The investigation began last September. Once the idea was planted, the aim was to check up on the main figures, the number of hectares, while obtaining basic information of interest regarding the proprietors, the uses of the land and its geographical location, marking out the particularities of each case. The parameter of selection was the possession of over 100,000 hectares, whether directly owned or temporarily leased, by proprietors both local and foreign.
At that time, Javier Milei was a deputy still far removed from winning any presidential election and far less from signing any massive deregulatory emergency decree, including repeal of the strategic land law which, following its approval in 2011, has sought to cap foreign land ownership at 15 percent of the total surface of Argentine territory (with the same cap applied at provincial and departmental level while working in equivalencies in terms of the productivity of the land). On the one hand, the law set limits, but on the other it also recognised that a hectare of land in Santa Cruz and in the fertile pampas is not the same thing.

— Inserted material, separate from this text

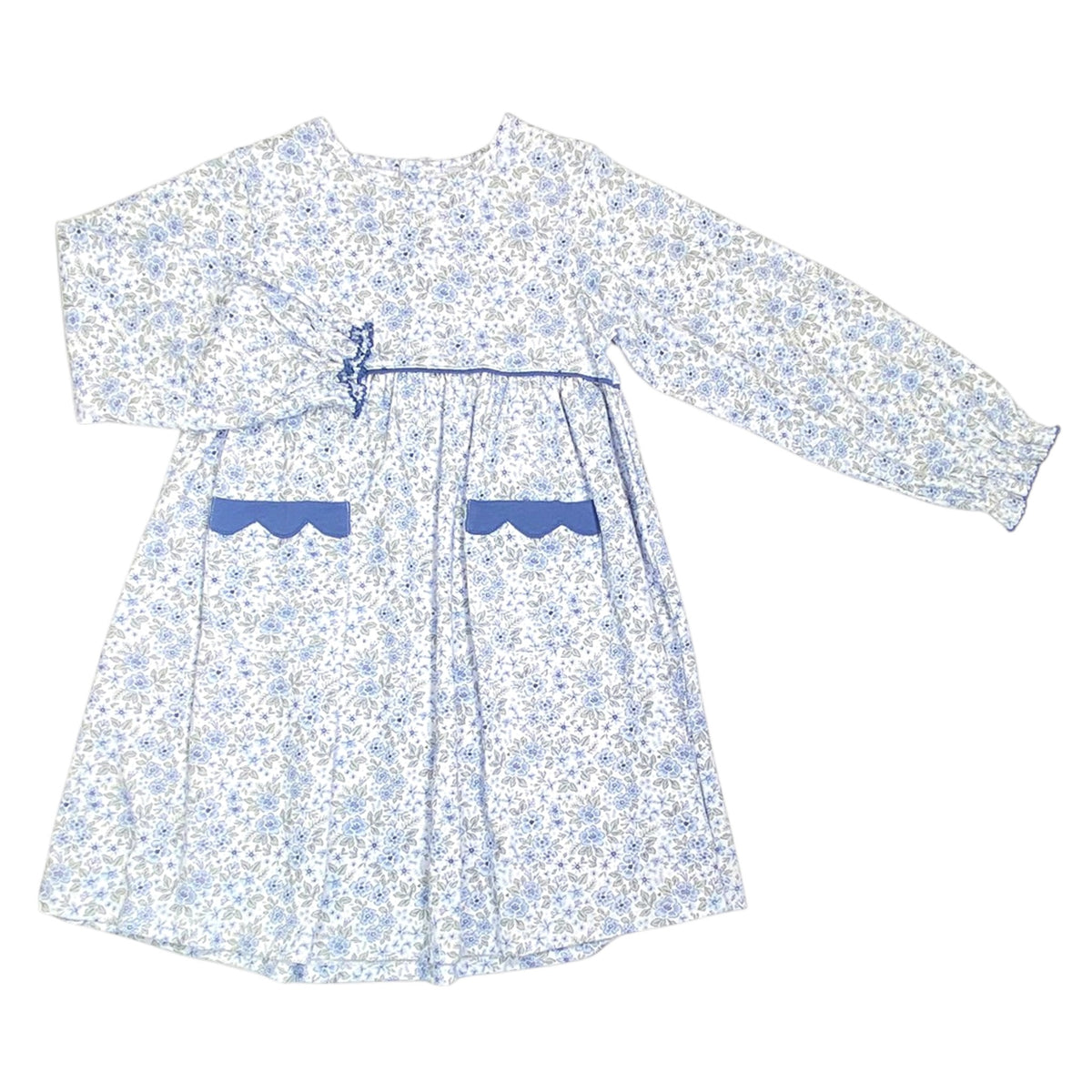 Ishtex Disty Flower Dress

The law further created the National Register of Rural Land, entrusted with administering the quotas of foreign ownership. One of the first steps of our work was to draft a request for access to public information with the aim of obtaining a state response as to who owned fields of over 100,000 hectares but this instrument never took off. On an off-the-record basis, the office to which our request was directed promptly notified us via informal contacts that access to this information would not be possible as consisting of reserved data. The same response was received in successive requests for access to public information sent to different provincial offices in Mendoza, San Juan and La Pampa, among other provinces.
When this newspaper understood that at official level there was nothing doing, we had to turn to artisan methods with a case-by-case search which, in general terms, was easier with land in the hands of private companies. Most of them state this information in their websites, along with details of location and use, ratifying this information in reports on management and/or sustainability addressed to the state or investors.

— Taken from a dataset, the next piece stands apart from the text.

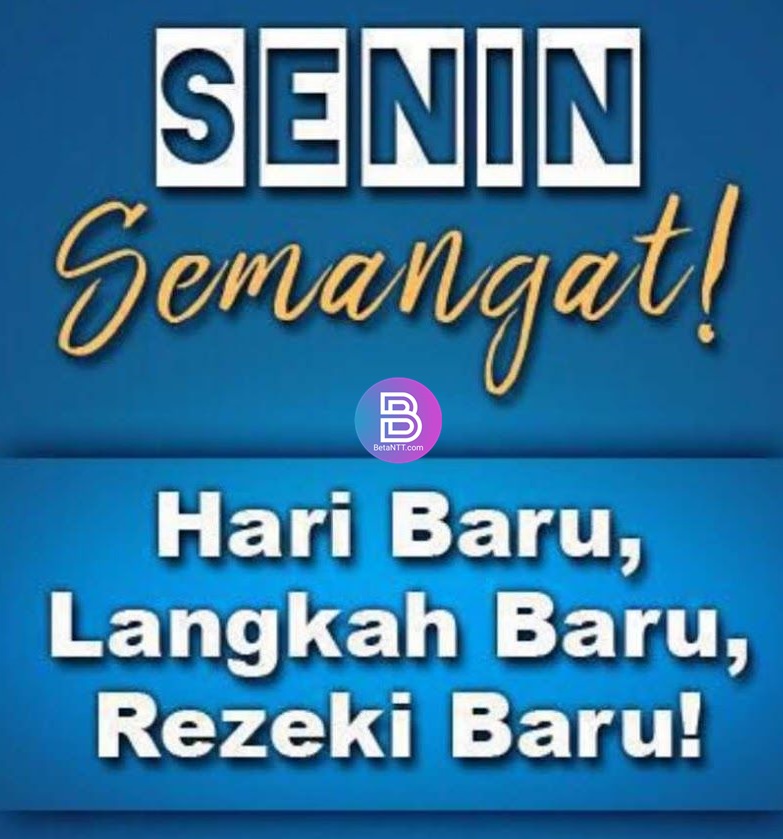 Kata dan Quotes Ucapan Selamat Hari Senin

But as in the case of El Palauco, on the list, the names of firms with every appearance of being "ghost" companies appeared without any web pages or data respecting their potential proprietors while scarcely mentioned in press archives.
One of those was Estomonte AG, given in various articles as owning 400,000 hectares in the Cuyo midwest. Obtaining the exact figure demanded months of reviewing documents, telephone calls and emails without reply. The answer finally appeared as a land surface measuring 404,098 hectares within voluminous civil documentation lodged in the San Juan federal courtroom. The firm appears to be an offshore company based in Switzerland, which several years ago sued another company owning a neighbouring field for deciding to sell off land without resolving a boundary dispute beforehand. Here the problem of the demarcation of land around the Andes again crops up since the field is located in Calingasta, San Juan Provinces.

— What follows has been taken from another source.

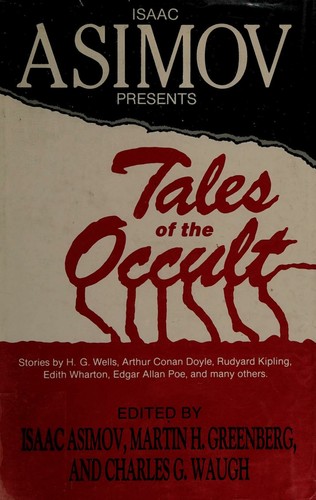 Cover for Isaac Asimov Presents Tales of the Occult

This method was repeated case by case, not just for the 20 finally appearing in the printed list but also for dozens of others that were ruled out for different reasons – either because the information as to their hectares could not be checked out or because the fields were split up and sold off. There was even the paradigmatic case of Lázaro Báez, who formed part of a select group of landowners who, because of the legal cases against them, saw their lands auctioned off or placed at the disposal of federal judges.
That was the idea behind the assembling of a list of the 20 biggest landowners, producing information which could prove a more than useful tool for understanding the interests behind the recurrent land debate.